━━━━━ Material for this exercise ━━━━━

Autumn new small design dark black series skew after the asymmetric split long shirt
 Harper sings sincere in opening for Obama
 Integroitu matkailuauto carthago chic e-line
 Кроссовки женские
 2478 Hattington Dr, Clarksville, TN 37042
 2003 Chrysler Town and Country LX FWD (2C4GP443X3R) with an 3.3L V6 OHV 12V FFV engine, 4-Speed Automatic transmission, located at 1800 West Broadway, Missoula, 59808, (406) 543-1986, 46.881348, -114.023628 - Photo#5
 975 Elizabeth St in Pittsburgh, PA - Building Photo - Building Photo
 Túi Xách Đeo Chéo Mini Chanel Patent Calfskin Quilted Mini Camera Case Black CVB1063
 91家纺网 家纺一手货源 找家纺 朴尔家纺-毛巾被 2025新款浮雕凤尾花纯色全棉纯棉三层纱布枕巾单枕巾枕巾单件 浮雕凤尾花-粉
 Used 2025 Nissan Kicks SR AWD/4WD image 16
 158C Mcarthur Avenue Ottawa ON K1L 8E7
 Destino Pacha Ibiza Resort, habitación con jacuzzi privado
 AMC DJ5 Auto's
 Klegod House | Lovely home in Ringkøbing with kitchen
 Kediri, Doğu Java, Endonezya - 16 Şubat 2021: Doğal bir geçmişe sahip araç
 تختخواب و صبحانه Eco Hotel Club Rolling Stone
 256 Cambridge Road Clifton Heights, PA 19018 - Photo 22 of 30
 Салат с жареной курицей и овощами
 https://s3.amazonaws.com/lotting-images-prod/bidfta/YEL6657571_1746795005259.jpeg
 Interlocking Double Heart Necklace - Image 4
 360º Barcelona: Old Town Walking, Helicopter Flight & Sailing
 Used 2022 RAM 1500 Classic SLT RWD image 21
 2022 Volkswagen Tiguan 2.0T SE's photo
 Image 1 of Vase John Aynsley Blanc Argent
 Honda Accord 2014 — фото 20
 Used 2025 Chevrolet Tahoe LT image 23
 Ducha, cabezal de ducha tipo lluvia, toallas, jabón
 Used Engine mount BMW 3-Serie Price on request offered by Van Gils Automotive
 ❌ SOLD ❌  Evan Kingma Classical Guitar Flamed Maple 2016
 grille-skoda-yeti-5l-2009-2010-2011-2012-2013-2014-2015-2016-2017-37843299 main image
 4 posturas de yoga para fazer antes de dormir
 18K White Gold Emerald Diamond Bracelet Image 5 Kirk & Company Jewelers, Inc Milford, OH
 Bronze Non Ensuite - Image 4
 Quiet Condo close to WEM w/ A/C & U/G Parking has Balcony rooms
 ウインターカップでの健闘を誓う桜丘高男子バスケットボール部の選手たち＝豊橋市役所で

━━━━━

Exercise:
Return nothing but the lines from the start of the listing above through the line containing "Honda Accord 2014 — фото 20", exactly as given.

Solved problem:
Autumn new small design dark black series skew after the asymmetric split long shirt
 Harper sings sincere in opening for Obama
 Integroitu matkailuauto carthago chic e-line
 Кроссовки женские
 2478 Hattington Dr, Clarksville, TN 37042
 2003 Chrysler Town and Country LX FWD (2C4GP443X3R) with an 3.3L V6 OHV 12V FFV engine, 4-Speed Automatic transmission, located at 1800 West Broadway, Missoula, 59808, (406) 543-1986, 46.881348, -114.023628 - Photo#5
 975 Elizabeth St in Pittsburgh, PA - Building Photo - Building Photo
 Túi Xách Đeo Chéo Mini Chanel Patent Calfskin Quilted Mini Camera Case Black CVB1063
 91家纺网 家纺一手货源 找家纺 朴尔家纺-毛巾被 2025新款浮雕凤尾花纯色全棉纯棉三层纱布枕巾单枕巾枕巾单件 浮雕凤尾花-粉
 Used 2025 Nissan Kicks SR AWD/4WD image 16
 158C Mcarthur Avenue Ottawa ON K1L 8E7
 Destino Pacha Ibiza Resort, habitación con jacuzzi privado
 AMC DJ5 Auto's
 Klegod House | Lovely home in Ringkøbing with kitchen
 Kediri, Doğu Java, Endonezya - 16 Şubat 2021: Doğal bir geçmişe sahip araç
 تختخواب و صبحانه Eco Hotel Club Rolling Stone
 256 Cambridge Road Clifton Heights, PA 19018 - Photo 22 of 30
 Салат с жареной курицей и овощами
 https://s3.amazonaws.com/lotting-images-prod/bidfta/YEL6657571_1746795005259.jpeg
 Interlocking Double Heart Necklace - Image 4
 360º Barcelona: Old Town Walking, Helicopter Flight & Sailing
 Used 2022 RAM 1500 Classic SLT RWD image 21
 2022 Volkswagen Tiguan 2.0T SE's photo
 Image 1 of Vase John Aynsley Blanc Argent
 Honda Accord 2014 — фото 20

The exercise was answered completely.